Episode 9 is Live and ready for download!









https://soundcloud.com/overclock-net/ocn-radio-episode-9-emulation-nation


----------



## Cyclops

Quote:


> Originally Posted by *frickfrock999*
> 
> Episode 9 is Live and ready for download!
> 
> 
> 
> 
> 
> 
> 
> 
> 
> https://soundcloud.com/overclock-net/ocn-radio-episode-9-emulation-nation


Did you edit out the sausage bit?


----------



## frickfrock999

Quote:


> Originally Posted by *Cyclops*
> 
> Did you edit out the sausage bit?


Bahaha, I don't think so.

All the hot dog talk was kept in.


----------



## BonzaiTree

Hot dogs are love. Hot dogs are life.


----------



## Wolfsbora

My apologies for not being a part of last week's episode. Rachel and I had a very heated discussion about a 30 minute meal that ended up taking 42 minutes for me. She claims that I misused the "EVOO" and that's what caused the issue.

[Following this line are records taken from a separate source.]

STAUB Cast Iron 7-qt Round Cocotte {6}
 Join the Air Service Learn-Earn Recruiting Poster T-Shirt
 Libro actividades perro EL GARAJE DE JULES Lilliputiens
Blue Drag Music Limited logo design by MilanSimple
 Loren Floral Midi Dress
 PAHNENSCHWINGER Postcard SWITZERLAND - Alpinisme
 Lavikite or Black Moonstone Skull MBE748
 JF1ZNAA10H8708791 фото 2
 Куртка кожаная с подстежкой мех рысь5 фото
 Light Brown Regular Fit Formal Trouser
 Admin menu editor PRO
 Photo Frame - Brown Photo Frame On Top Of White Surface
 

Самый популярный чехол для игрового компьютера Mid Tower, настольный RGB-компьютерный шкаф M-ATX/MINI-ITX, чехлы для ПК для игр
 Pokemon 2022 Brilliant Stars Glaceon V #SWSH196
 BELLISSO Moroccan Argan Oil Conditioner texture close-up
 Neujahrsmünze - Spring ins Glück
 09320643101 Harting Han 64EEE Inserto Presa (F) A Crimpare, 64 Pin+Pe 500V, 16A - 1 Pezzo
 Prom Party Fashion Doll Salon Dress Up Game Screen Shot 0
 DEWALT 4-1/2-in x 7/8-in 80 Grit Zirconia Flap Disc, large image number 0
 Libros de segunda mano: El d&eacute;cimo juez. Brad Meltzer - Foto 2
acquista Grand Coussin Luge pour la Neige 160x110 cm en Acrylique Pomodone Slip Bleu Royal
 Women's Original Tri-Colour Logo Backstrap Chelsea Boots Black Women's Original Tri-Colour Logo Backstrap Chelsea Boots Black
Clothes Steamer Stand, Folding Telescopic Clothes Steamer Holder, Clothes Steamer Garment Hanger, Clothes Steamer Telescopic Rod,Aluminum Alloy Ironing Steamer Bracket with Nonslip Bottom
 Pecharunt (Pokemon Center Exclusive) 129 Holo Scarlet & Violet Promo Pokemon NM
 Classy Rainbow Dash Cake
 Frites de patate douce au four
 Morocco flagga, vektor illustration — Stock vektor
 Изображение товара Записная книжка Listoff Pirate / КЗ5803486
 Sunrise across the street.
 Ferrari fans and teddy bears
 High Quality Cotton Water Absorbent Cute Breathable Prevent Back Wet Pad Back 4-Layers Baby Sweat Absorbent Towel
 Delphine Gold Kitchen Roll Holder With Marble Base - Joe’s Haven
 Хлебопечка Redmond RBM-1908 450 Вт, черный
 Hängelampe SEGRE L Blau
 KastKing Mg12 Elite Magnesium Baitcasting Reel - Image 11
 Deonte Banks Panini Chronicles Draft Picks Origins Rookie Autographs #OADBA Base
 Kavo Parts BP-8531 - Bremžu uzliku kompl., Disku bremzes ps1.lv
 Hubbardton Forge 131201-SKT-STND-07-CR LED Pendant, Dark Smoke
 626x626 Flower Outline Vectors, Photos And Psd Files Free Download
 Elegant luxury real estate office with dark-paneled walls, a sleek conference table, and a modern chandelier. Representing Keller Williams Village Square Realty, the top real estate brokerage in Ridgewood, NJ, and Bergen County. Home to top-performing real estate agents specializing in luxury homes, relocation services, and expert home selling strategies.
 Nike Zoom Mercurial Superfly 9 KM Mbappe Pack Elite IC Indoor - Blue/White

I hope that this doesn't damage our possibilities of her being a guest.


----------



## BonzaiTree

Sure sure, that's what it was.

We know the truth!
You were off getting scotch eggs again weren't you?

You and your damn scotch egg addiction...


----------



## Wolfsbora

Quote:


> Originally Posted by *BonzaiTree*
> 
> Sure sure, that's what it was.
> 
> We know the truth!
> 
> You were off getting scotch eggs again weren't you?
> You and your damn scotch egg addiction...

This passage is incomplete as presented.